I would bet Redbird are snapping up shagged but not airframe corroded C172s for something like $30k, throwing $100-130k at them, and doing well out of it. Plus they get a kickback from the bank. Somebody in Europe could do that, too.
My hangar neighbor leases his aircraft.
A brave man… unless it is a Cirrus and he drives a factory new 911 Turbo in yellow
I would bet Redbird are snapping up shagged but not airframe corroded C172s for something like $30k, throwing $100-130k at them, and doing well out of it.
That will have to be considerably more. The Thielert conversion costs that much already.
Plus they get a kickback from the bank. Somebody in Europe could do that, too.
I think critical mass is important and airplanes can be flown from the US to Europe. Don’t see any competitive advantage a European outfit would have. Maybe that Thielert is around the corner but that’s probably it. The transport costs will be more than compensated for by the economy of scale.
However, it is a great market and should be applied to more than the 172. Next should be the 182 with SMA, it can be done for much less than Cessna’s new price. Then a PA28 with Thielert 2.0s. Not just offering conversions but like new airplanes with warranty is what I think would sell.
We’ve already been down this road. When I suggested it I heard no takers. What happened in the meantime?
From the article
What really needed is this airframes to get into the flight training environment a busy school would put 700 hours on an airframe in a year. That would prove it.
The problem they have at the moment is that schools don’t have the capital to take the risk to my knowledge it has bankrupted two schools in the past. I do however know of one operator who swears by the theirlet and another school has recently acquired (bought or leased I don’t know – multiflight) three diseal PA28 and I hope they get on well with them. The bit I can’t however understand is the hire price is more than the AVGAS machines that they replaced.
Leasing diseal powered aircraft is an option in the UK but the company that does it (or did do it) is based in Bournemouth. But I would be reluctant to lease an aircraft from a maintenance base more than say 30 miles away.

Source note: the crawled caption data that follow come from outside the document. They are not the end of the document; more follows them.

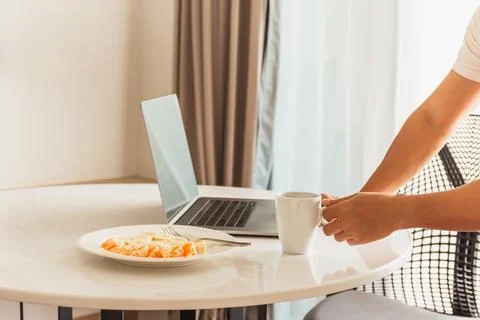 Man having cup of coffee with fresh fruits while working on laptop. Stock Photos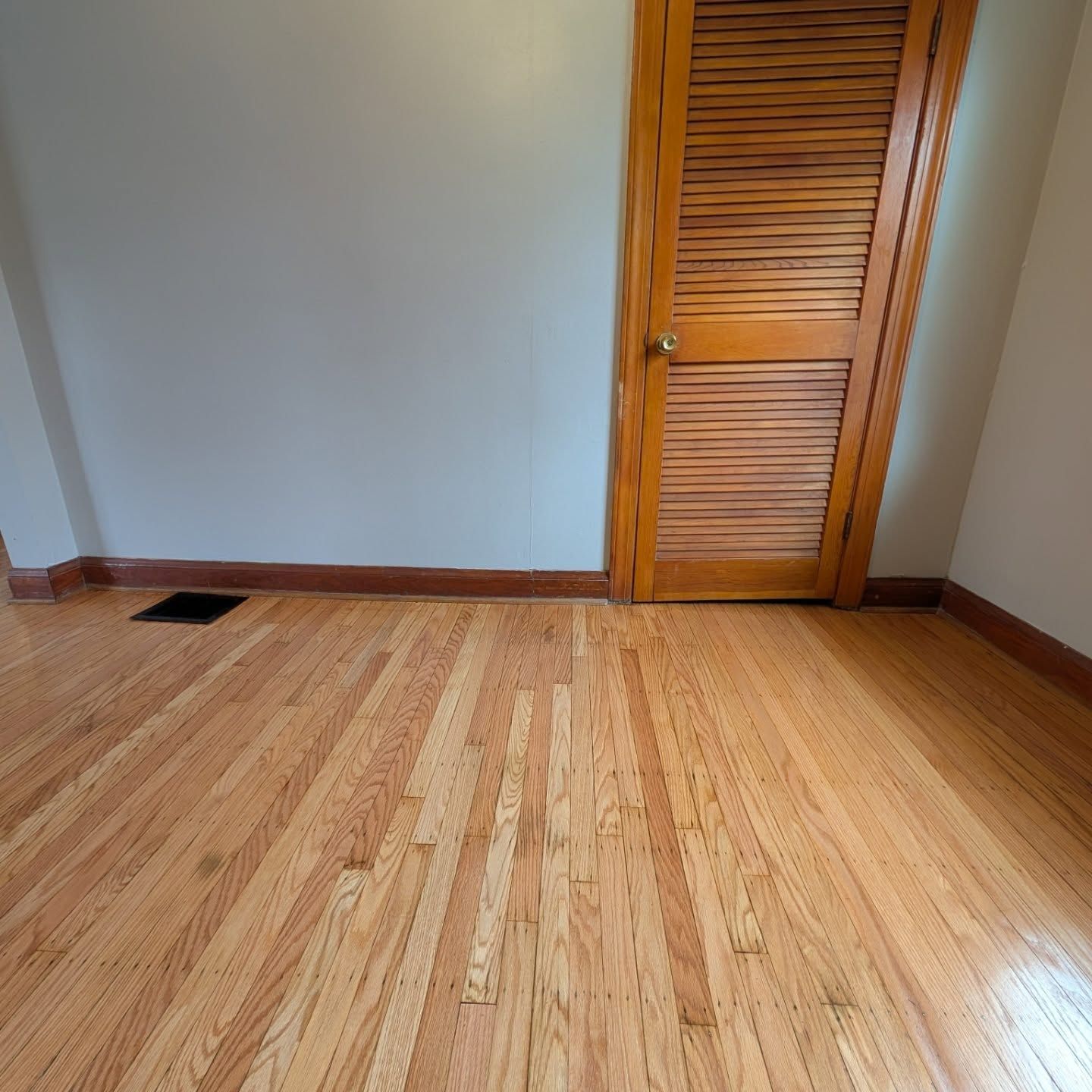 Empty room with light wood floor, beige walls, a wooden closet door, and a floor vent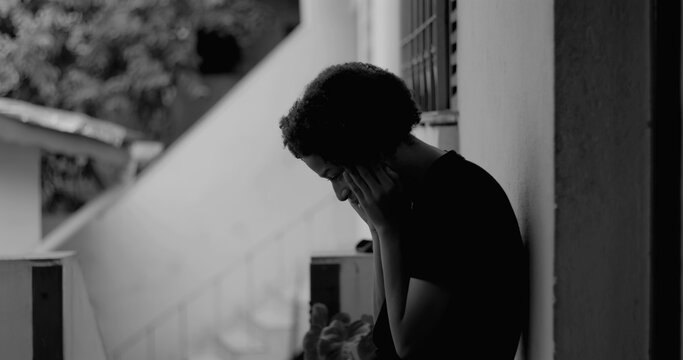 African American boy standing alone by a wall, head bowed in sadness and despair, representing themes of childhood loneliness and emotional vulnerability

<This $250k airplane is significantly better than the $400k new offering from Cessna. It has to have an impact. We see quite a bit of activity in the airframe refurbishment area, it might become a big thing.>
Knowing Cessna who from a piston point of view appear to be a very conservative company will simply wait and see if its a success and if it is then they will simply produce one
I think Redbird have some ulterior motives here. A little bit like Apple, if you may. They make Sims of various descriptions which they sell to FTOs for instrument and in some cases part of the ab-initio training (there’s one where I fly from in KSMO). Now, they come with the ‘real article’ and slowly, but surely, build an integrated package. Redbird Sim to Redbird C172 to, perhaps Redbird MCC Sim, etc. Clever.